Scaling Sample-Based Quantum Diagonalization on GPU-Accelerated Systems using OpenMP Offload

TL;DR

The paper presents a portable, GPU-accelerated implementation of Sample-based Quantum Diagonalization (SQD) using OpenMP Target offload, focusing on accelerating the Davidson subspace diagonalization. By flattening nested data structures, implementing a device-resident Hamiltonian evaluation, and introducing a persistent configuration cache, the authors achieve up to ~95× per-node speedup on Frontier and notable gains on newer GPUs, while preserving CPU-equivalent MPI decomposition and numerical accuracy. The approach demonstrates strong scalability to large configurations (~10^9) and shows portability across diverse CPU/GPU architectures with minimal code changes. These results substantially reduce the classical bottleneck in SQD and broaden the practical reach of hybrid quantum-HPC electronic-structure calculations.

Abstract

Hybrid quantum-HPC algorithms advance research by delegating complex tasks to quantum processors and using HPC systems to orchestrate workflows and complementary computations.

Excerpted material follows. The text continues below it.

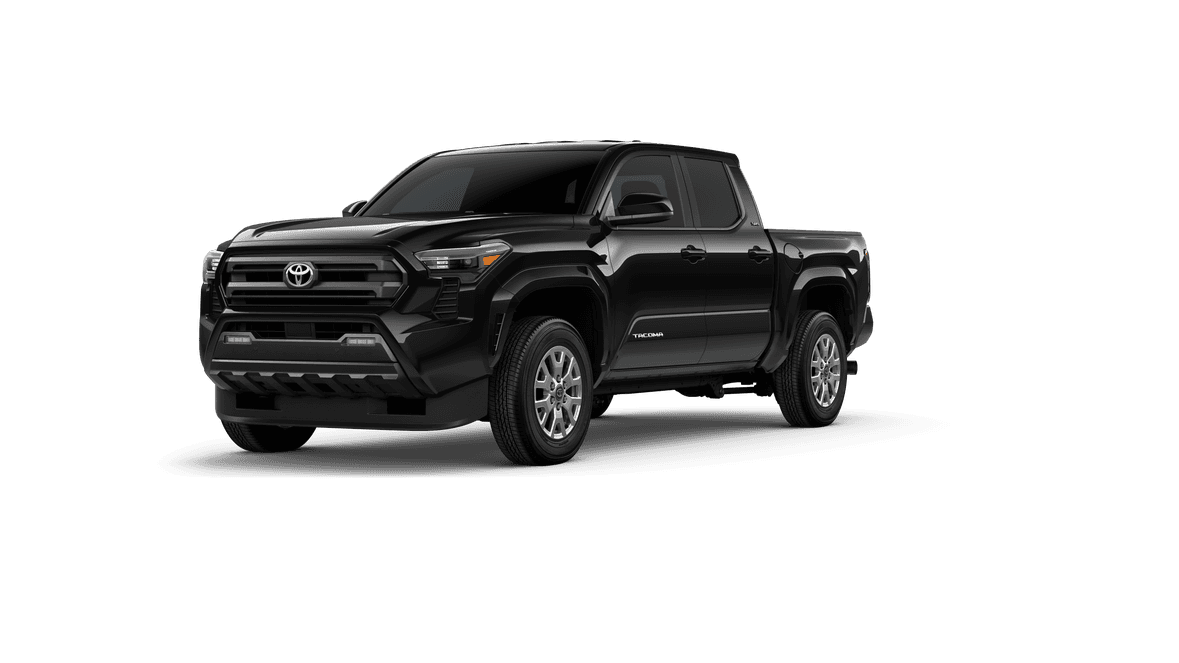 2026 Toyota Tacoma 2WD SR5 — photo 1 of 5
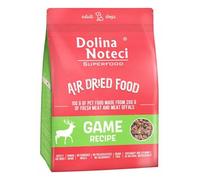 Dolina Noteci Nourriture sèche sans gluten pour chiens - Nourriture sauvage - 5 kg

Sample-based quantum diagonalization (SQD) is a hybrid quantum-HPC method in which information from a molecular Hamiltonian is encoded into a quantum circuit for evaluation on a quantum computer. A set of measurements on the quantum computer yields electronic configurations that are filtered on the classical computer, which also performs diagonalization on the selected subspace and identifies configurations to be carried over to the next step in an iterative process. Diagonalization is the most demanding task for the classical computer. Previous studies used the Fugaku supercomputer and a highly scalable diagonalization code designed for CPUs. In this work, we describe our efforts to enable efficient scalable and portable diagonalization on heterogeneous systems using GPUs as the main compute engines based on the previous work. GPUs provide massive on-device thread-level parallelism that is well aligned with the algorithms used for diagonalization. We focus on the computation of ground-state energies and wavefunctions using the Davidson algorithm with a selected set of electron configurations. We describe the offload strategy, code transformations, and data-movement, with examples of measurements on the Frontier supercomputer and five other GPU accelerated systems. Our measurements show that GPUs provide an outstanding performance boost of order 100x on a per-node basis. This dramatically expedites the diagonalization step-essential for extracting ground and excited state energies-bringing the classical processing time down from hours to minutes.
Paper Structure (13 sections, 3 figures, 10 tables)

This paper contains 13 sections, 3 figures, 10 tables.

Figures (3)

  • Figure 1: Strong scaling performance of GPU accelerated code on 1 to 128 nodes, 8 to 1024 GPUs on Frontier.
  • Figure 2: Comparison of performance per GPU across different GPU systems, using inputs for N$_2$ with $3.08\times10^8$ configurations problem. MI250X as the baseline. The figure shows three generations of GPUs: (MI250x, A100), (MI300X, H100), and (MI355X, GB200).
  • Figure 3: MPI time-lines for a representative job on 32 nodes of Frontier.